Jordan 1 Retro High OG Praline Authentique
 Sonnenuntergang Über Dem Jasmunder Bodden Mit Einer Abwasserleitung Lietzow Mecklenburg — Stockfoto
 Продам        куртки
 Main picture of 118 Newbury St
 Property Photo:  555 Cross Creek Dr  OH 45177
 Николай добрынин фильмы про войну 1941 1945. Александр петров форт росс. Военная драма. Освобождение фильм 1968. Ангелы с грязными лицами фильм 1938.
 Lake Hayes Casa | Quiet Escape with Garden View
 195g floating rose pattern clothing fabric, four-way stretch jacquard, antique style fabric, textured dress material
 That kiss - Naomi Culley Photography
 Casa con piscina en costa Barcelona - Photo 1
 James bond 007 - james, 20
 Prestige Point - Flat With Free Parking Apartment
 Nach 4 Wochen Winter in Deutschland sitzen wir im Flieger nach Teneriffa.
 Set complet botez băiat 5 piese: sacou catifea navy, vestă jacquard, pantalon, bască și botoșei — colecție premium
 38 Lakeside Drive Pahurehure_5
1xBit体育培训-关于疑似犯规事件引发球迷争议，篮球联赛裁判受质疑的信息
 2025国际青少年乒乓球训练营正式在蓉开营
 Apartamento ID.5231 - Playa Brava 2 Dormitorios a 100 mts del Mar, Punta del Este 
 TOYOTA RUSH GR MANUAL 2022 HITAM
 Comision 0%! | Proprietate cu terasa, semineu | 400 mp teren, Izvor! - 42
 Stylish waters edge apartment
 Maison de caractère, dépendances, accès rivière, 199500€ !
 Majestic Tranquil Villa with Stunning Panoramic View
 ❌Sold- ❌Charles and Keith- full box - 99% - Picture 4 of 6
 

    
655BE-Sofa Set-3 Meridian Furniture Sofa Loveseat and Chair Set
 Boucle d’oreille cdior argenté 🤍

## PROBLEM DESCRIPTION:
Nothing but the lines above from the one containing "Lake Hayes Casa" through the one containing "James bond 007 - james, 20" should appear in the answer, each repeated exactly.

## ANSWER FOR THE TASK:
 Lake Hayes Casa | Quiet Escape with Garden View
 195g floating rose pattern clothing fabric, four-way stretch jacquard, antique style fabric, textured dress material
 That kiss - Naomi Culley Photography
 Casa con piscina en costa Barcelona - Photo 1
 James bond 007 - james, 20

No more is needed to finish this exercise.